Organisme, khususnya serangga mempunyai daya menahan pengaruh faktor lingkungan fisik sehingga menjadi kebal. Organisme serangga dapat mengatasi keadaan yang ekstrem berupa adaptasi yang berhubungan dengan faktor genetis atau penyesuain yang sifatnya fisiologis. Serangga sesuai dengan sifatnya mempunyai kemampuan meyesuaikan diri dengan lingkungan tetapi karena serangga juga mempunyai sayap, serangga dapat pindah menghindari tempat yang ekstrim mencari tempat yang lebih sesuai.
(Nishida, 1970)
2.13Faktor yang Mempengaruhi Epidemiologi Tumbuhan
a.Berkurangnya populasi tumbuhan yang rentan.
Merupakan salah satu faktor yang berperan dalam menurunnya epidemi, karena dengan berkurangnya populasi tumbuhan yang rentan memaksa sebagian penyebab penyakit (patogen) tidak mampu bertahan hidup sehingga jumlahnya semakin menurun dan hal ini menyebabkan suatu penyakit yang bersifat epidemik menjadi menurun. Contohnya yaitu Karat kopi yang disebabkan oleh Hemileia vastatrix yang semula menjadi penyakit yang epidemik mulai menurun stelah tanaman kopi tersebut di kurangi.

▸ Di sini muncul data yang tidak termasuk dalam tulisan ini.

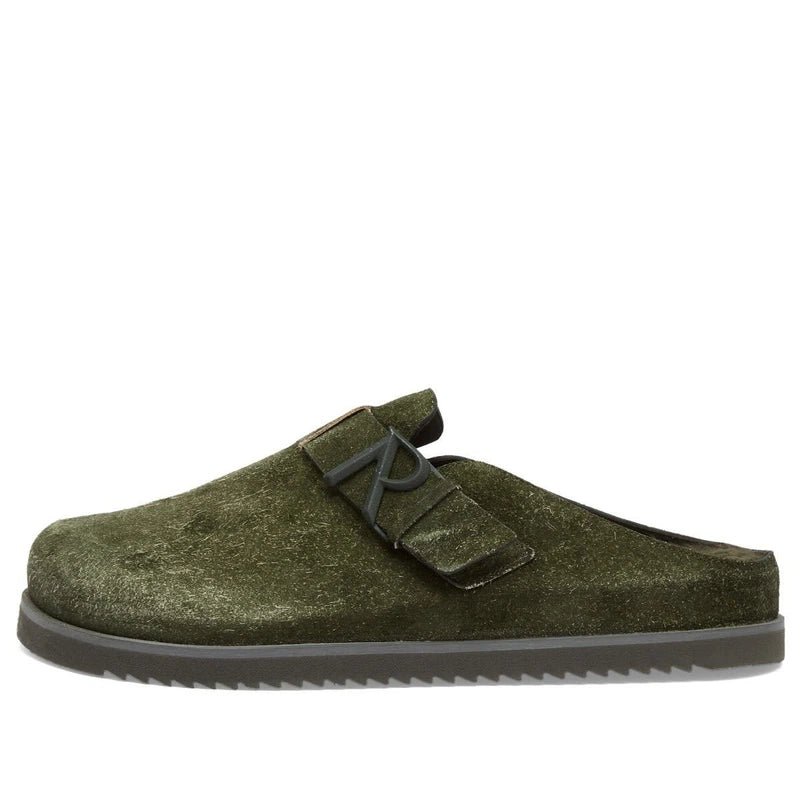 Men's Initial Mule - Fleck Hairy Suede in Olive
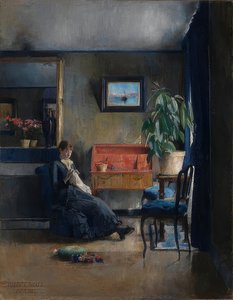 Interior azul. 1883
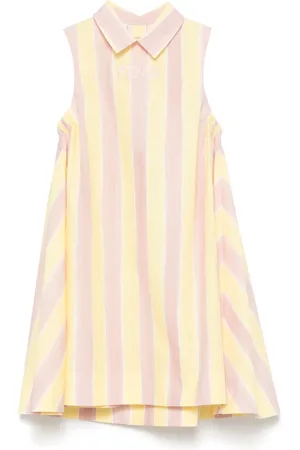 Fendi Vestido con logo bordado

b.Penggantian kultivar tanaman yang rentan dengan yang tahan atau jenis tanaman yang lain
Faktor ini hampir sama dengan faktor di atas, karena dengan adanya penggantian kultivar tanaman yang rentan dengan tanaman yang tahan atau jenis tanaman yang lain secara langsung berpengaruh terhadap berkurangnya populasi tumbuhan yang rentan, sehingga penyebab penyakit tidak mempunyai tempat tinggal atau tempat untuk memenuhi kebutuhannya dan akhirnya epidemi suatu penyakit menjadi menurun. Sebagai contoh yaitu penyakit karat kopi yang disebabkan oleh Hemileia vastatrix yang terjadi di Sri Langka antara tahun 1870 sampai 1889, menjadi berkurang setelah didaerah tersebut tidak lagi menanam kopi atau mengurangi penanaman kopi dan menggantinya dengan tanaman teh.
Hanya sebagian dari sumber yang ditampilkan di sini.